### PROBLEM STATEMENT
Every line below needs to be printed again exactly, without any of its pictures.

INPUT below:

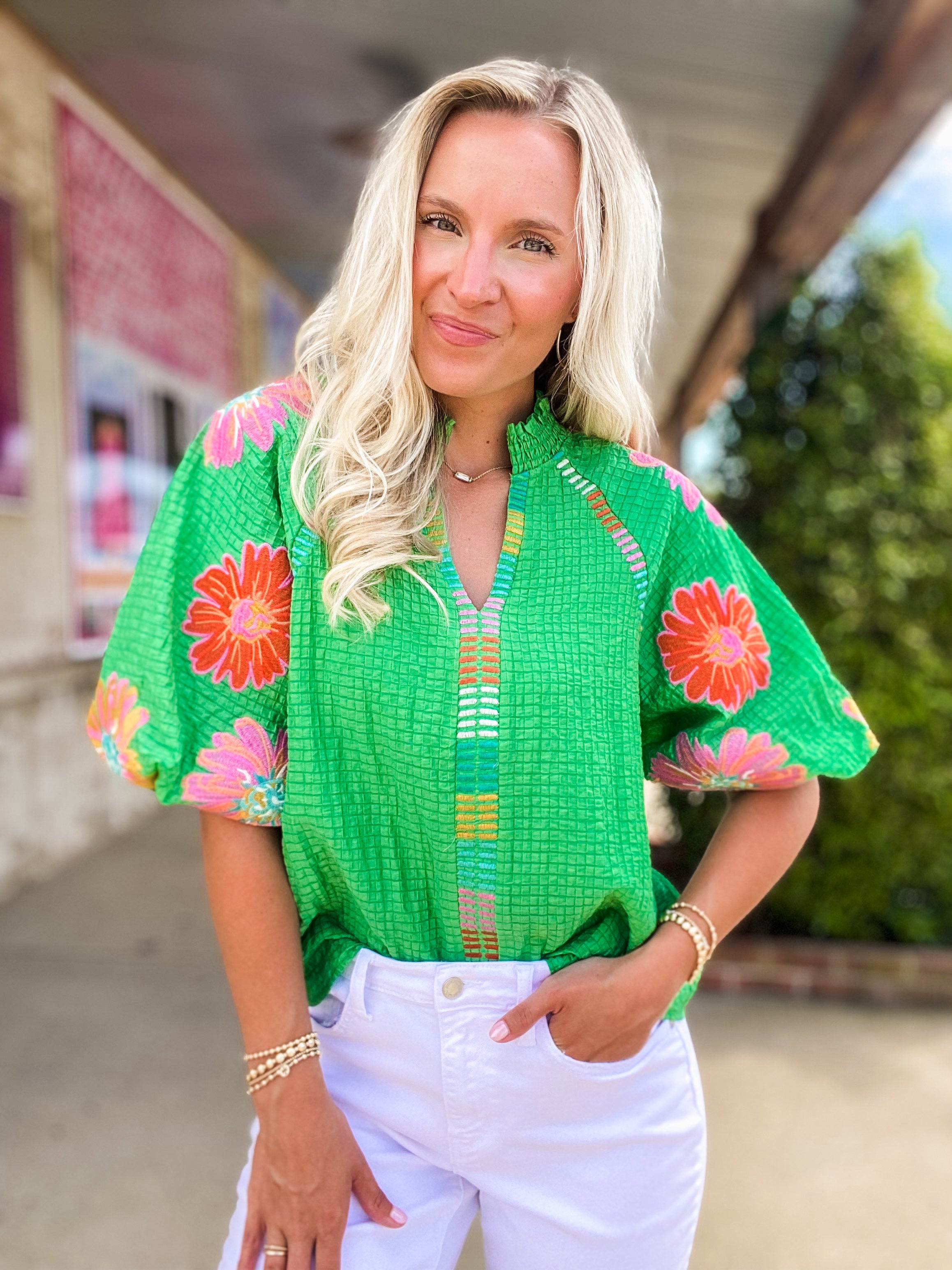 Perfect Timing Floral Embroidered Kelly Green THML Blouse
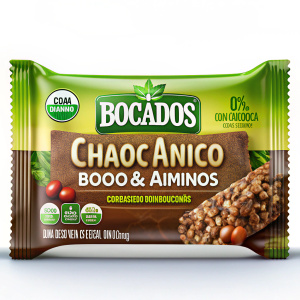 una imagen llamativa de una envoltura de la marca "BOCADOS ANDINOS" barras saludables a base de quinua orgánica (choco quinua)  que ayudan a combatir la desnutrición y anemia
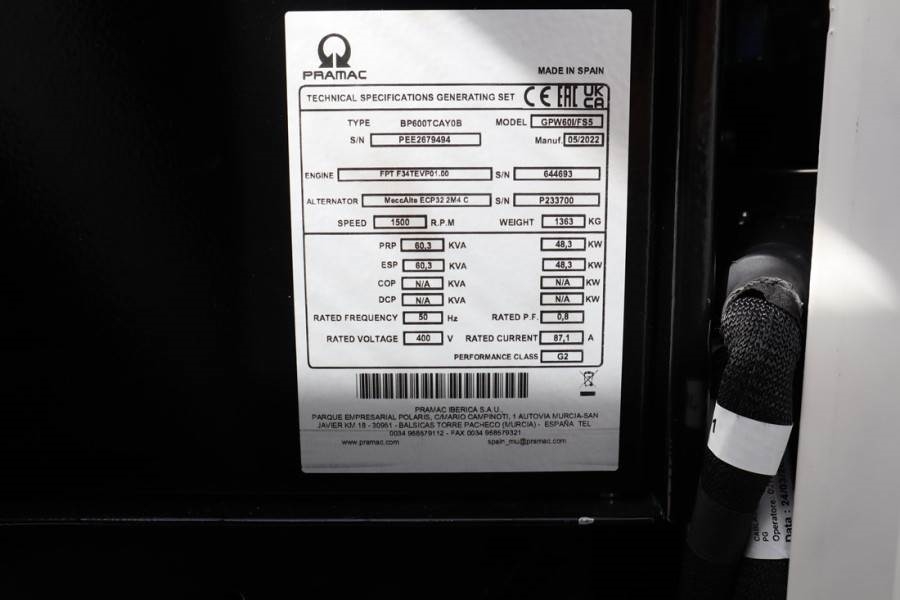 Pramac GPW60I/FS5 Valid inspection, *Guarantee! Diesel, 6 2022 PRAMAC - GPW60I/FS5 - 61069 Pramac GPW60I/FS5 Valid inspect...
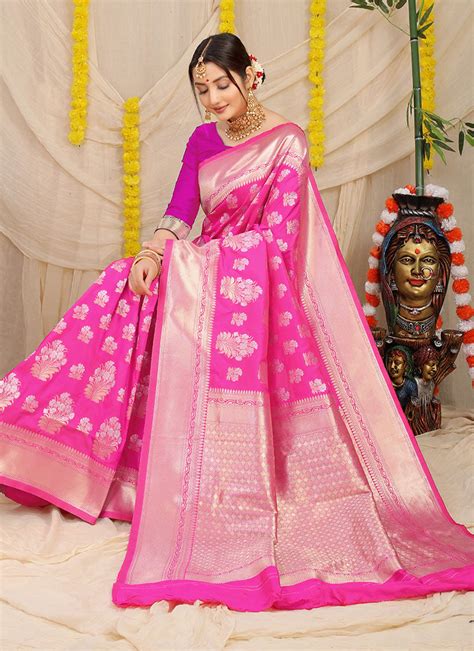 Shop Patola Silk Dark Pink Color Zari Weaving Work Saree Festive Wear Online At Best Price Cbazaar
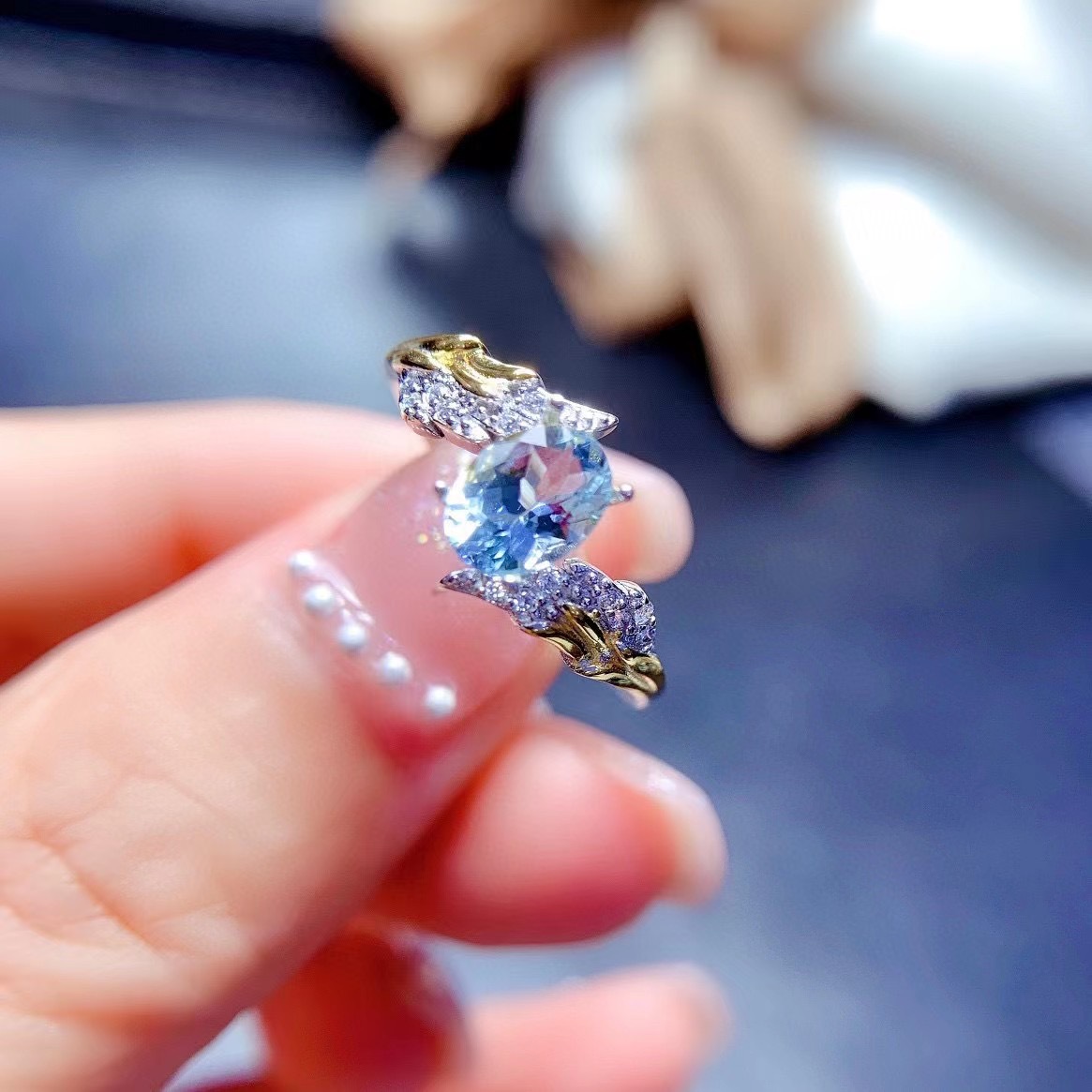 Aquamarine Ring Detail View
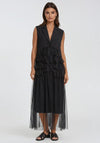 Malissa J One Size Mesh Ruffle Trim Blazer, Black
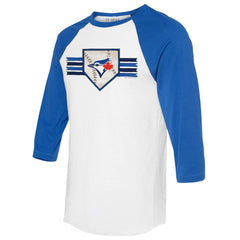 Toronto Blue Jays Tiny Turnip Women's Base Stripe 3/4-Sleeve Raglan T-Shirt - White/Royal T-shirts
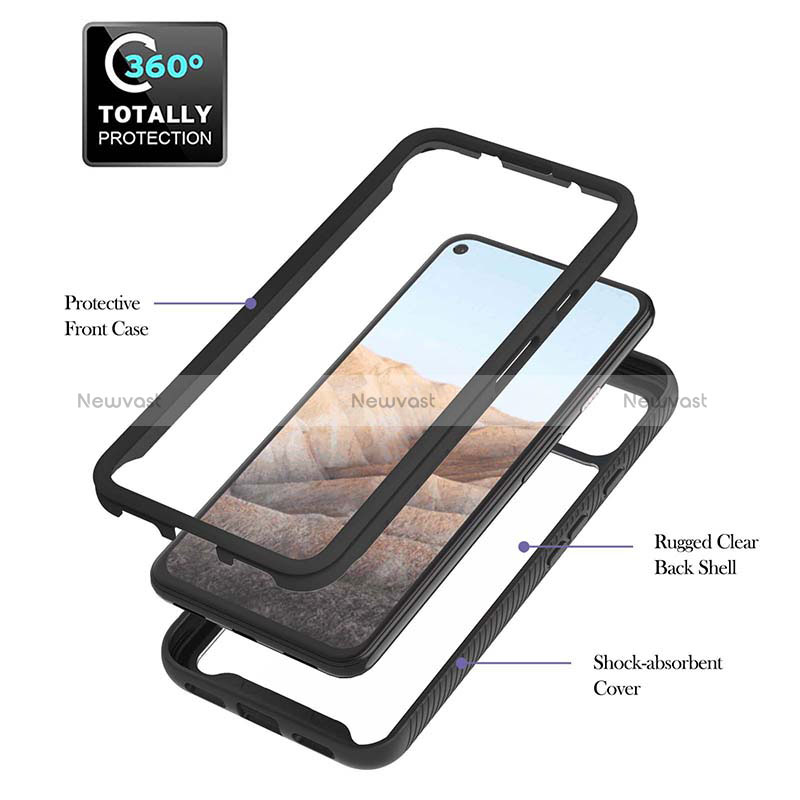 Silicone Transparent Frame Case Cover 360 Degrees YB1 for Google Pixel 5a 5G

End of INPUT.

### ANSWER BOX
 Perfect Timing Floral Embroidered Kelly Green THML Blouse
 una imagen llamativa de una envoltura de la marca "BOCADOS ANDINOS" barras saludables a base de quinua orgánica (choco quinua)  que ayudan a combatir la desnutrición y anemia
 Pramac GPW60I/FS5 Valid inspection, *Guarantee! Diesel, 6 2022 PRAMAC - GPW60I/FS5 - 61069 Pramac GPW60I/FS5 Valid inspect...
 Shop Patola Silk Dark Pink Color Zari Weaving Work Saree Festive Wear Online At Best Price Cbazaar
 Aquamarine Ring Detail View
 Malissa J One Size Mesh Ruffle Trim Blazer, Black
 Toronto Blue Jays Tiny Turnip Women's Base Stripe 3/4-Sleeve Raglan T-Shirt - White/Royal T-shirts
 Silicone Transparent Frame Case Cover 360 Degrees YB1 for Google Pixel 5a 5G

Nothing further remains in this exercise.